[Captioned web images]
Content starts

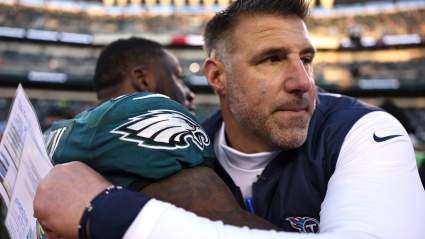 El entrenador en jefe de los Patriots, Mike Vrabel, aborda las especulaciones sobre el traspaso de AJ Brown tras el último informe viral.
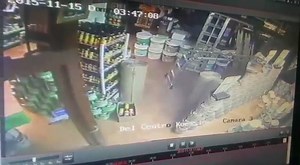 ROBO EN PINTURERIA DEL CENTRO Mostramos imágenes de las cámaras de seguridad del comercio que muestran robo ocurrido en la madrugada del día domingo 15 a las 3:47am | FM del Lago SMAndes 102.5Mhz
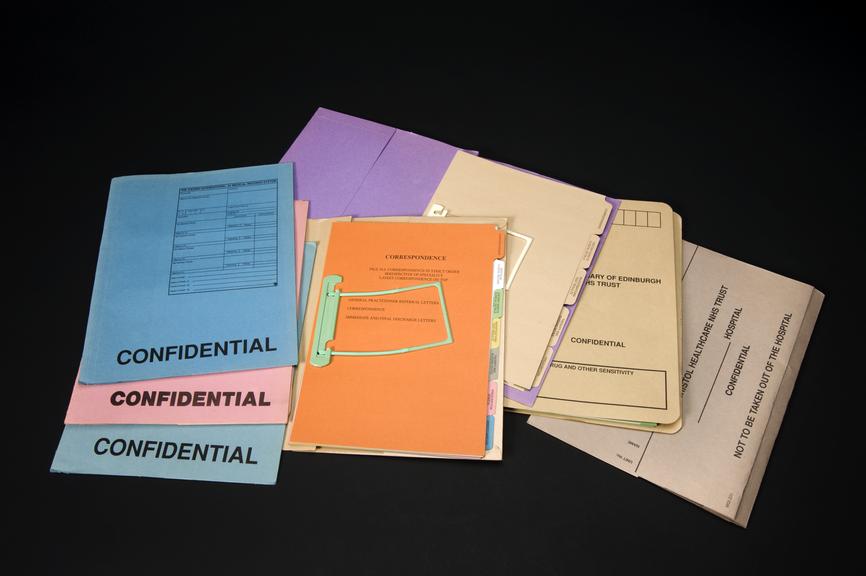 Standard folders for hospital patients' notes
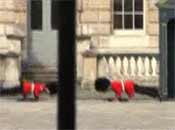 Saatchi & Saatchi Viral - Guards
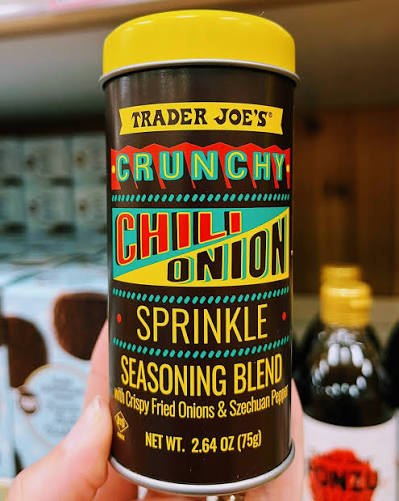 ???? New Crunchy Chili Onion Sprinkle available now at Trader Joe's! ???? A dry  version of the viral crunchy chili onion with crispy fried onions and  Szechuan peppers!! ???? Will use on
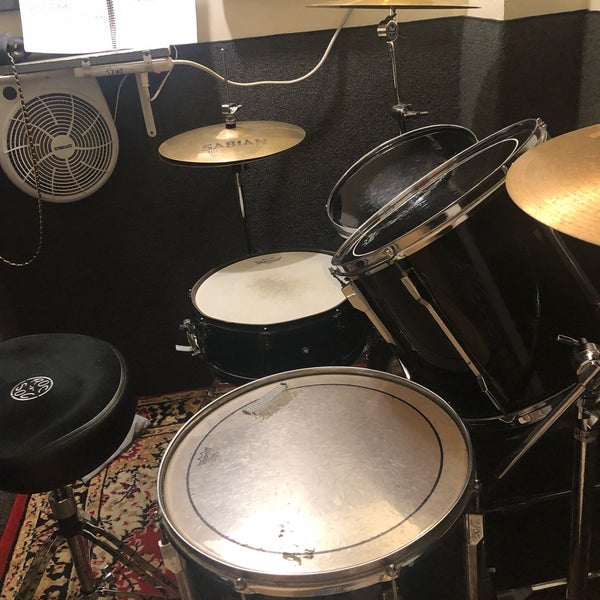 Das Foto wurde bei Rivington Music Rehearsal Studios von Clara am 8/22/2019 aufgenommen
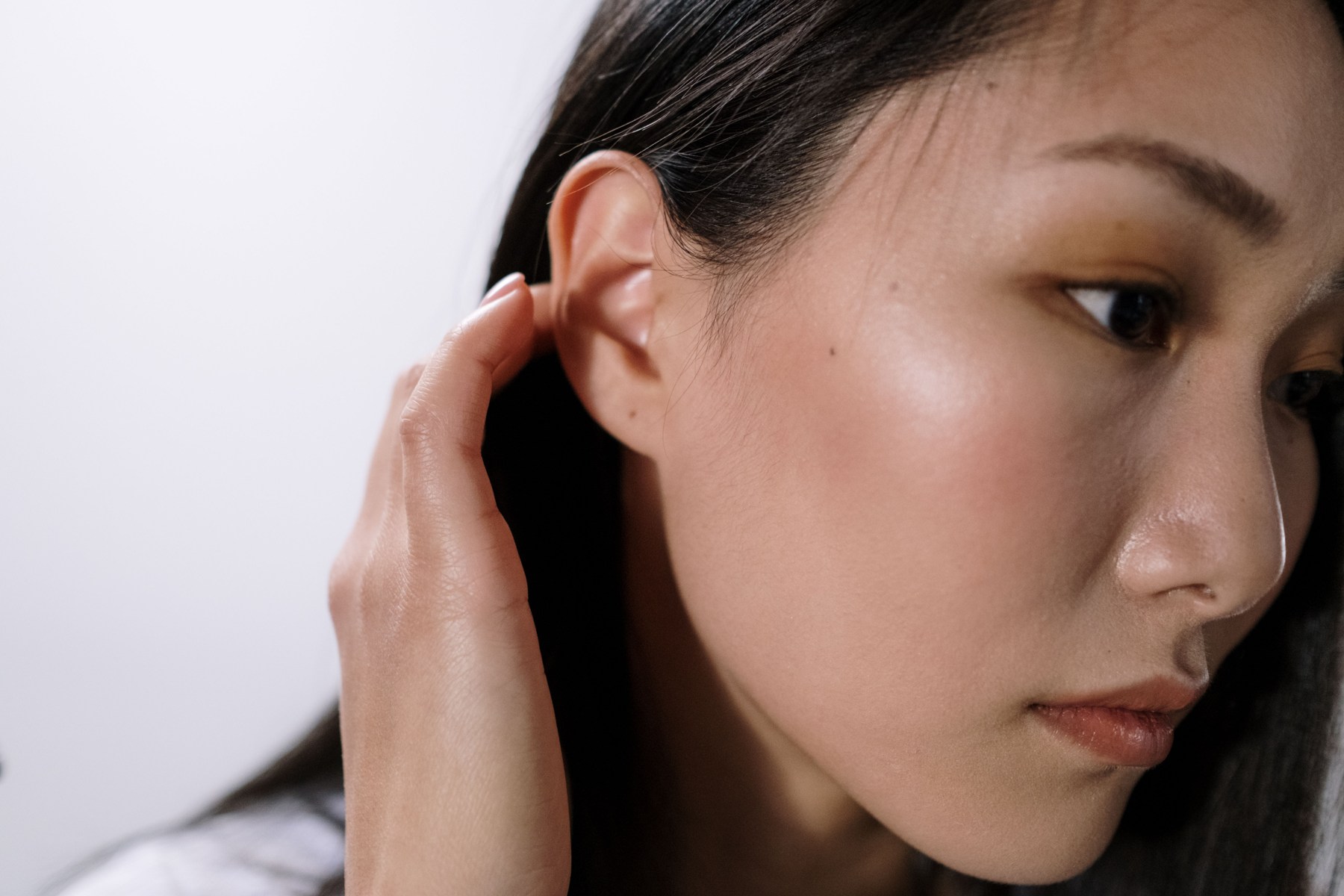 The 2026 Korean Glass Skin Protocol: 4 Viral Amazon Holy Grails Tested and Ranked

Content ends

> [Exercise description]:
Word for word, restate the records above and drop the pictures.

> [Result]:
 El entrenador en jefe de los Patriots, Mike Vrabel, aborda las especulaciones sobre el traspaso de AJ Brown tras el último informe viral.
 ROBO EN PINTURERIA DEL CENTRO Mostramos imágenes de las cámaras de seguridad del comercio que muestran robo ocurrido en la madrugada del día domingo 15 a las 3:47am | FM del Lago SMAndes 102.5Mhz
 Standard folders for hospital patients' notes
 Saatchi & Saatchi Viral - Guards
 ???? New Crunchy Chili Onion Sprinkle available now at Trader Joe's! ???? A dry  version of the viral crunchy chili onion with crispy fried onions and  Szechuan peppers!! ???? Will use on
 Das Foto wurde bei Rivington Music Rehearsal Studios von Clara am 8/22/2019 aufgenommen
 The 2026 Korean Glass Skin Protocol: 4 Viral Amazon Holy Grails Tested and Ranked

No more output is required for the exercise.